Preparation for nuclear war with the former Soviet Union and China, actual wars in Korea, Vietnam, the Balkans and the Mideast, and the stationing of US forces in so many countries that the secretaries of defense themselves cannot recite the list, have followed.

Equally, covert action which is hardly covert, the organization and sponsorship of war by clients and allies, as in the backing of Iraq against Iran, are matters so routine that criticism seems utopian. The idea of a nation surrounded by enemies was not derived from September 11 attack of 2001, but was confirmed on that day in the minds of many citizens. 

The struggle against domestic crime was and still is a poorly disguised campaign to keep immigrants and racial minorities under control. A perverse interpretation of the Second Amendment to the US Constitution, which legitimated arms for public purposes like local militias, allows individuals to accumulate personal arsenals. There are as many guns in the nation as people. The result is a large amount of armed domestic violence. The Connecticut killer murdered his mother with her own guns before going to the school. 

The militarization of large parts of US culture, vicarious for many and especially its most stridently bellicose politicians, professors and publicists, is part of a general legitimating of violence. When Bin Laden and several of his family were killed by US special forces, who did not attempt to capture them for trial, crowds outside the White House chanted "USA! USA!" as if at an Olympic event. 

A certain kind of patriotism has merged with a cult of manliness and hardness. The most severe criticism many American politicians can make of presidential foreign policy is that it is insufficiently aggressive. In his presidential campaign, Mitt Romney resorted to embarrassingly primitive imagery.

Despite strong church, familial and neighborhood institutions in much of US society, mutual caring and solidarity must contend in US culture with a cult of self-reliance. Like vicarious militarism, it is more fiction than fact. The states that vote Republican are largely net recipients of federal funding.

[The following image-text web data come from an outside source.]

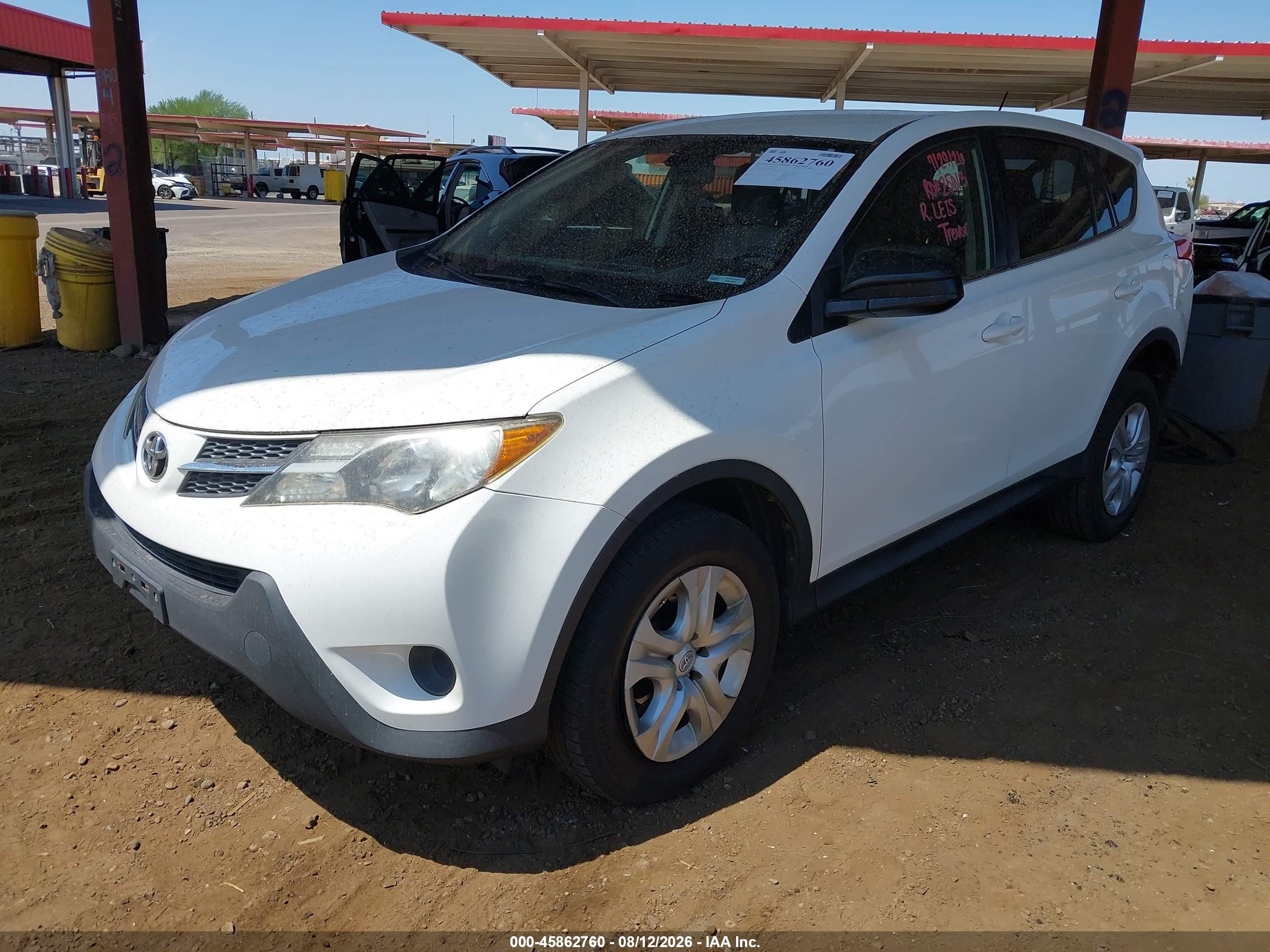 2015 Toyota Rav4 Le White vin: JTMZFREV4FJ059313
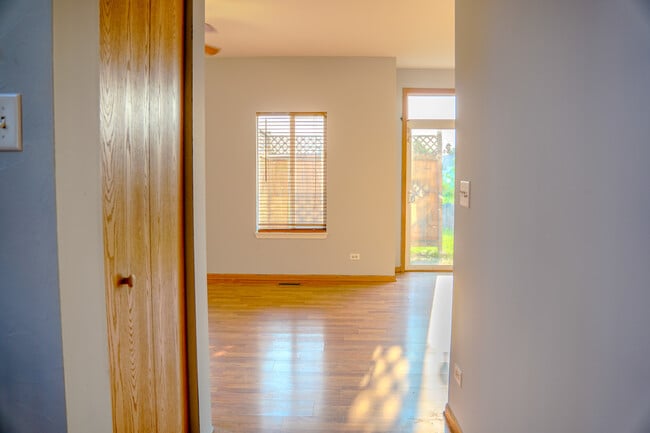 Building Photo - 2208 Rebecca Cir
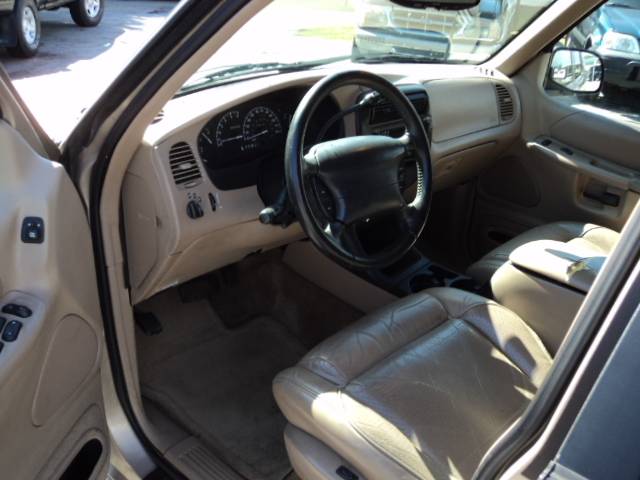 Ford Explorer 1997 photo 3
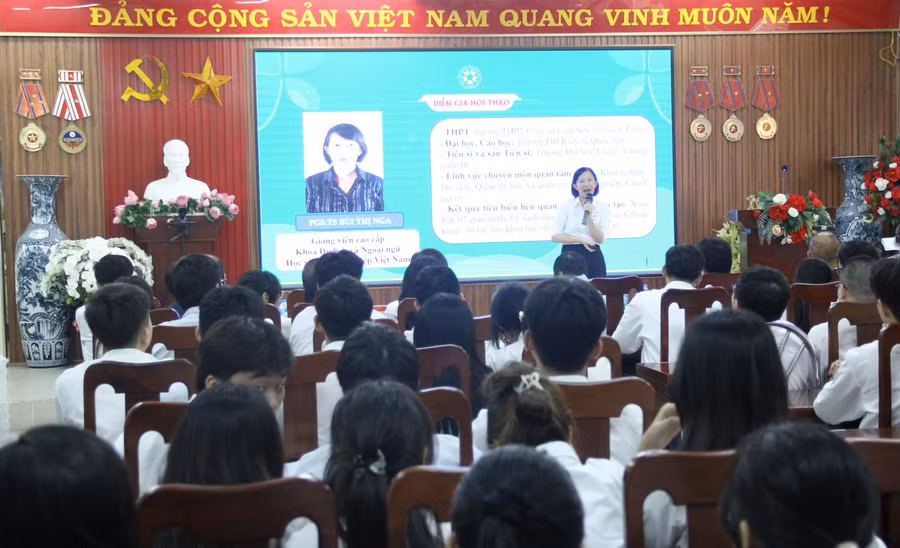 PGS.TS Bùi Thị Nga trao đổi tại hội thảo.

Their citizenries are dependent on the rest of the country, but it does not prevent them from resenting their supposed lack of responsibility for themselves. 

These are matters of social atmosphere and belief. Institutions and politics are also involved. President Barack Obama considered that in his first term, he had enough to do without challenging the very powerful lobby favoring a free trade in firearms, and its obedient legislators. Perhaps the president, who has good reason to fear the one third of a nation which considers him illegitimate, was thinking of his own family's safety.

The provision for mental health in communities and schools is hardly a model of preventive healthcare and the cure of souls in US churches leaves many out. In this setting, the individual pathologies inevitable in a complex and changing society in which many struggle and fail to find fixed places generate enough hatred for multiple murders. That is what we have had.

As the nation mourns the dead children and teachers of Connecticut, few have evoked the wedding parties and familial reunions in Asia on which US drones have wreaked havoc. Understandable: The country is preparing for the next domestic horror.